Visa is currently developing mVisa as a worldwide solution. The key to scale, Shrauger told Webster, is making it useful and accessible for their two client groups — merchants and their customers. On the consumer side, the service must be present in the uses that connect most to the daily habits and lives of everyday people.

“The first step of consumer habituation is becoming a part of those uses cases that customers are doing daily, or even multiple times a day — [like] riding in cars or getting food,” said Shrauger. “These are the use cases people adopt and gravitate toward most, initially, because they are so frequent. From there, as other things come around, they start to move across categories. This is the everyday purchase phenomenon expressed a little differently, and it’s definitely an area of focus for us.”
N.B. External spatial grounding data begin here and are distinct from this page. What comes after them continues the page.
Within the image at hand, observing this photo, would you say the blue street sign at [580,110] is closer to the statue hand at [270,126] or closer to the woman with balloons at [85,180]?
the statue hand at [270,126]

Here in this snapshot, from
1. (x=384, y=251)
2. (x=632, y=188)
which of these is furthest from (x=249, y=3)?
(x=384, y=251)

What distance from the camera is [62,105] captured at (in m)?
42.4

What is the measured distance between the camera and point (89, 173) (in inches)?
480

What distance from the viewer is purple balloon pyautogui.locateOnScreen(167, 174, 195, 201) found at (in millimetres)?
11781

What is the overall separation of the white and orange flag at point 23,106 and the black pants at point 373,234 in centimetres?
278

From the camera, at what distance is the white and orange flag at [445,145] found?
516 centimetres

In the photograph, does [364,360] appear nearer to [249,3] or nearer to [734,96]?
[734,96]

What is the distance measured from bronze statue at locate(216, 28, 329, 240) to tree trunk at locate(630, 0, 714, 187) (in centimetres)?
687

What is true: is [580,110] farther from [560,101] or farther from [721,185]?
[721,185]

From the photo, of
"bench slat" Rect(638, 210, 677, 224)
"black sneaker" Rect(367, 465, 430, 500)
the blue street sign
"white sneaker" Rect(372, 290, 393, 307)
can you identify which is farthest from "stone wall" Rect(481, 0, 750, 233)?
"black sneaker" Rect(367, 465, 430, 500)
On the merchant side of accessibility, he noted, the goal is to make the solution as close to “flip-a-switch” easy as possible. Smaller merchants in developing economies aren’t well-suited to technology that requires a lot of integration assistance or education.

According to Shrauger, that lesson informed Visa’s QR code go-to market strategy in these markets, something he calls “mVisa-in-a-Box.” Merchants can obtain the suite of materials they need to provision themselves on a self-service basis and get up and running quickly. Shrauger said it is a far more scalable process.

QR’s Future

So, is QR a payments endpoint, or is it the start of a development path in payments that might eventually lead to a new technological form factor? That was Webster’s parting question in her chat with Shrauger.

“A QR code is a pointer to an underlying credential to initiate and receive a payment,” Shrauger said. “The pointer now is a QR code — I don’t know if it will always be. But, in these markets, QR is about getting credentials in everyone’s hands and getting the usage understood. From there, is it is an easier evolution to provide other use cases to people based on something beyond QR.”

Today, those use cases involve a broad range of payment encounters, including paying a merchant, receiving a disbursement or even paying a cable bill by scanning a QR code on the consumer’s TV screen.

But QR is a story that is still very much in progress — and one about building digital payments credentials for a world of consumers who, until now, haven’t had them.